In R, the Chi-Square Test is typically used to assess whether there is a significant association between categorical variables. There are two main types of Chi-Square tests:
- Chi-Square Test for Independence: Used to determine if two categorical variables are independent.
- Chi-Square Goodness of Fit Test: Used to check if a sample data matches a population distribution.
Here’s how to perform each of these tests in R:
1. Chi-Square Test for Independence
You can use the chisq.test()
function to test whether two categorical variables are independent. This test is often applied to a contingency table.
Example:
Suppose we have a 2×2 contingency table:
Male | Female | |
---|---|---|
Yes | 30 | 20 |
No | 10 | 40 |
# Create a contingency table
data <- matrix(c(30, 20, 10, 40), nrow = 2, byrow = TRUE)
# Assign row and column names
dimnames(data) <- list("Response" = c("Yes", "No"), "Gender" = c("Male", "Female"))

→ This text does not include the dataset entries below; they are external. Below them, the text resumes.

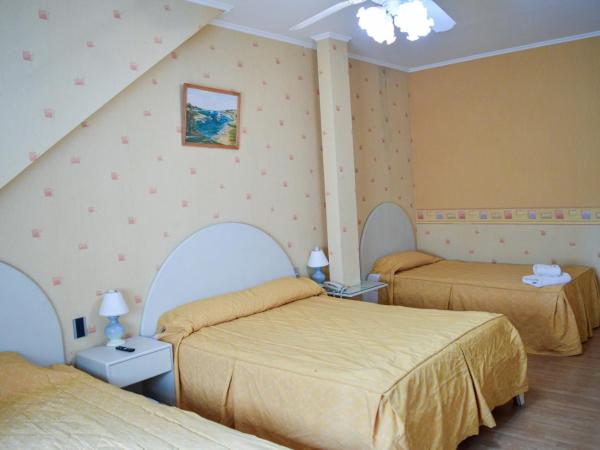 Hotel Internacional : photo 4 de la chambre chambre quadruple standard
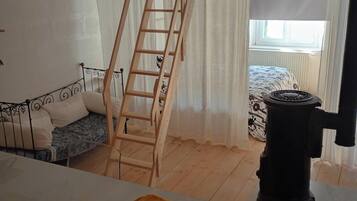 6 chambres, bureau, lit parapluie, Wi-Fi gratuit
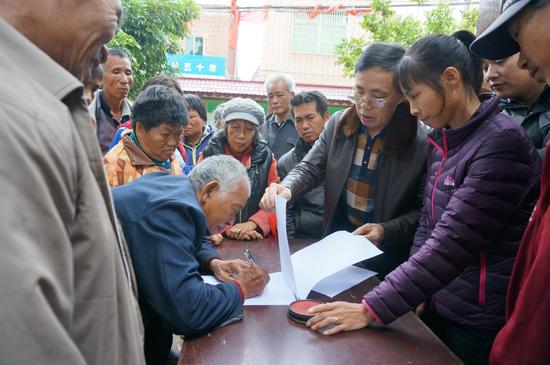 吴川供电局开展精准暖心扶贫 点亮群众的心_湛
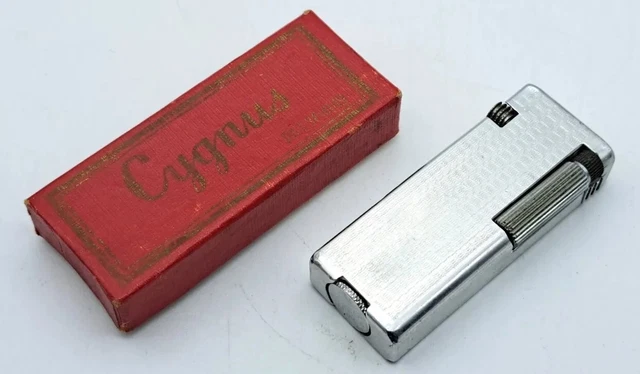 ACCENDINO BENZINA PETROL PENGUIN CYGNUS LIGHTER MECHERO BRIQUET ANNI 50 ACCENDINO BENZINA PETROL PENGUIN CYGNUS LIGHTER MECHERO BRIQUET ANNI 50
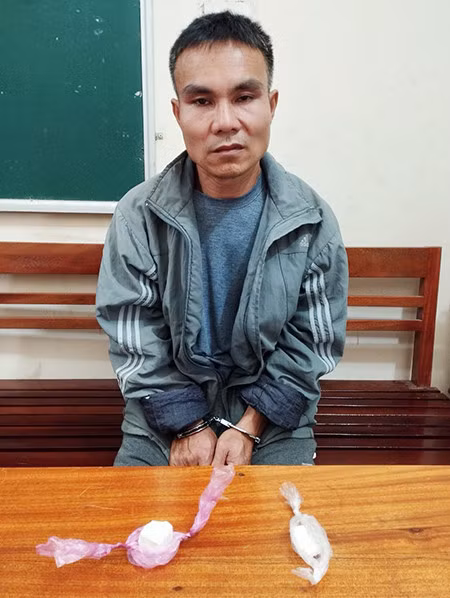 Đối tượng Kim Văn Tùng cùng tang vật chuyên án. Ảnh: Công an Nghệ An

# Perform Chi-Square Test for Independence
result <- chisq.test(data)
# View the result
print(result)
Output interpretation:
p-value
: If the p-value is less than 0.05, we reject the null hypothesis and conclude that there is a significant association between the two categorical variables.X-squared
: The test statistic.df
: Degrees of freedom.
2. Chi-Square Goodness of Fit Test
This test checks if the observed distribution matches an expected distribution. For example, testing if a dice is fair.
Example:
If you roll a dice 60 times and get the following counts:
- 1: 12 times
- 2: 10 times
- 3: 8 times
- 4: 15 times
- 5: 7 times
- 6: 8 times
We expect each number to appear 10 times (since a fair die has 6 sides and 60 rolls).
# Observed frequencies
observed <- c(12, 10, 8, 15, 7, 8)
# Expected frequencies (for a fair dice, each face should appear 10 times)
expected <- rep(10, 6)
# Perform Chi-Square Goodness of Fit Test
result <- chisq.test(observed, p = expected / sum(expected))
# View the result
print(result)
Output interpretation:
p-value
: If the p-value is less than 0.05, the observed data significantly deviates from the expected distribution.X-squared
: The test statistic.df
: Degrees of freedom (usually the number of categories minus 1).
Additional Notes:
- Assumptions: The Chi-Square test assumes that the expected frequency in each cell is large enough (typically ≥ 5) to ensure the validity of the approximation.
- Warnings: If your data doesn’t meet the assumptions (e.g., small expected counts), consider using Fisher’s Exact Test for smaller sample sizes.